Table 1:Forecast time frames and their applications.


Table 2:Models and features.


For efficient prediction of solar radiation for a shorter duration of intra-day and intra-hour, methods such as time series based models like ARIMA are used. ARIMA model use predictions based on purely past values of solar radiation, but solar irradiance is dependent on various different meteorological factors such as relative humidity, temperature, cloud cover, wind direction, and wind speed. To overcome this shortcoming, nonlinear prediction methods based on Machine Learning (ML) models can be used. ML based models use statistical analysis of past data. They tend to find a relation between a dependent or target variable and one or more independent or predictor variables by training the model. This work focuses on determining the least number of independent variables and using them for the most accurate GHI forecast

There are plenty of machine learning models available to forecast solar radiation. However, for solar radiation forecasting, time series algorithms such as Autoregressive Moving Average (ARMA) and Auto Regressive (AR) are having low forecasting accuracy because of the non-linear characteristics of solar radiation. Solar radiation depends on various meteorological factors such as temperature, wind direction, cloud cover, humidity, and wind speed. Hence, it becomes difficult to find purely temporal correlations and patterns. Artificial Neural Network gives better accuracy than support vector machine and random forest but has challenges such as low robustness to unimportant inputs, complex architecture optimization, enormous training time and need of large dataset. Support vector machine works well for reasonably clean and outlier free datasets. Hence, it is less robust. Also, its accuracy decreases when there is a large amount of dataset.

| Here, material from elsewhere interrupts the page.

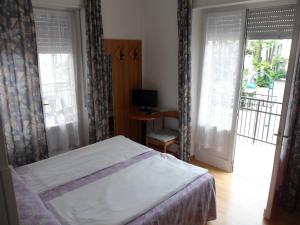 加尔达湖滨里亚托酒店的一间卧室设有一张床和一个滑动玻璃门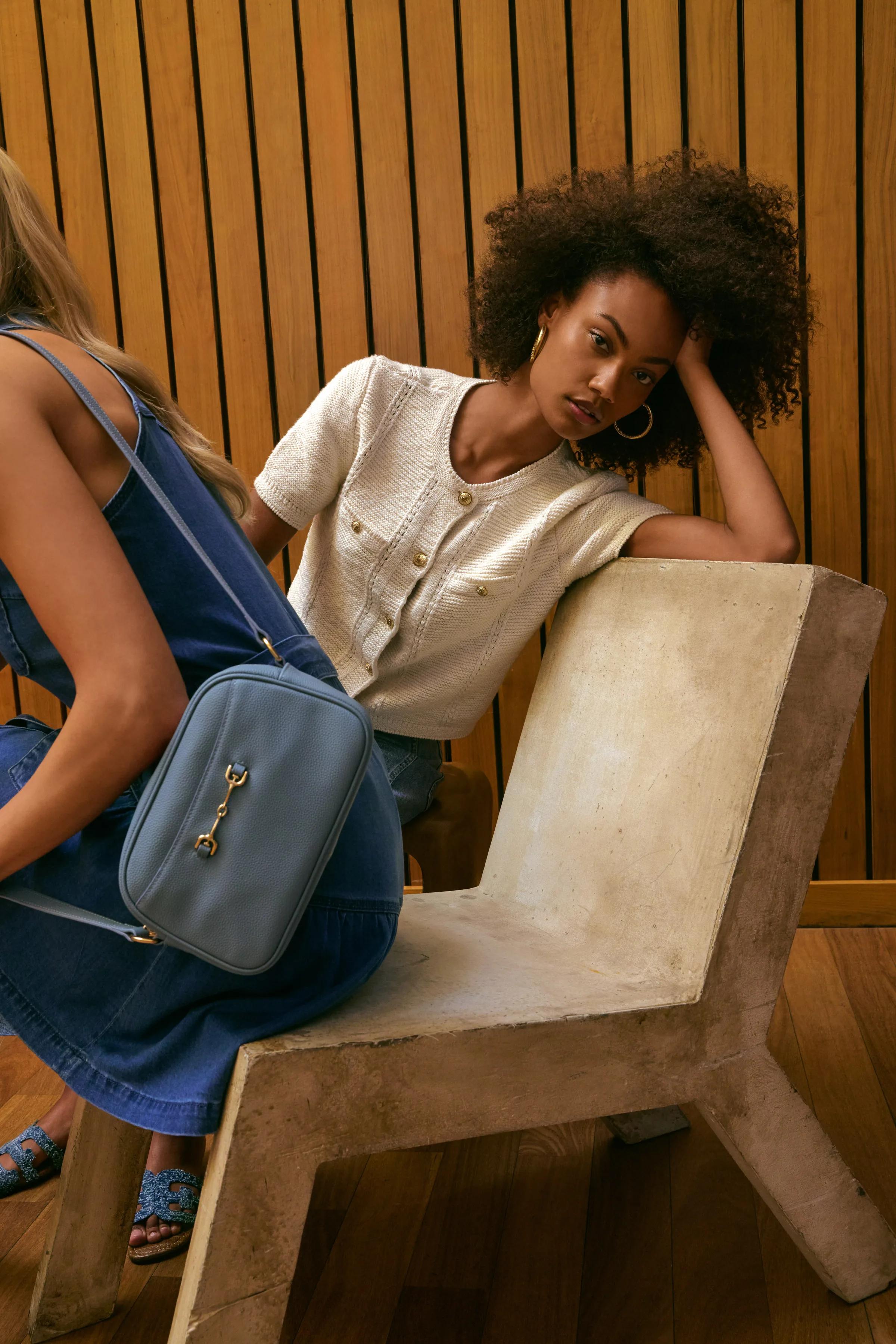 Two models on a concrete chair against wood slats, one in denim with a blue crossbody bag, for Sam Edelman.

The random forest model showed the highest accuracy in modelling the daily variability index of solar irradiance due to its ability to capture non-linear relationships between the target variable and the predictor variables [4]. The random forest features cross-validation along with its immunity to irrelevant inputs, and ability of ‘importance capture’. The ‘importance capture’ feature utilizes profile analysis and correlation to select the most appropriate input variables among the predictor variables. For a week ahead forecast, the random forest outperforms the persistent model [5]. The random forest method gives the best accuracy due to the use of randomization of the decision trees. Random forest utilization becomes more critical when the model yields less normalized root mean square error with decreasing time horizon [6]. Random forest is best for its robustness of a large dataset and easy use. It performs well even when some values or data are missing. Due to randomization and averaging of many decision trees, it reduces the effect of any outlier to avoid overfitting and thus increasing the accuracy. Machine learning based models are unable to handle complex non-linear correlations and predicting the solar radiation with low accuracy whereas deep neural networks can handle large amounts of dataset of complex non-linear correlations and also provide better accuracy due to the presence of the neural network.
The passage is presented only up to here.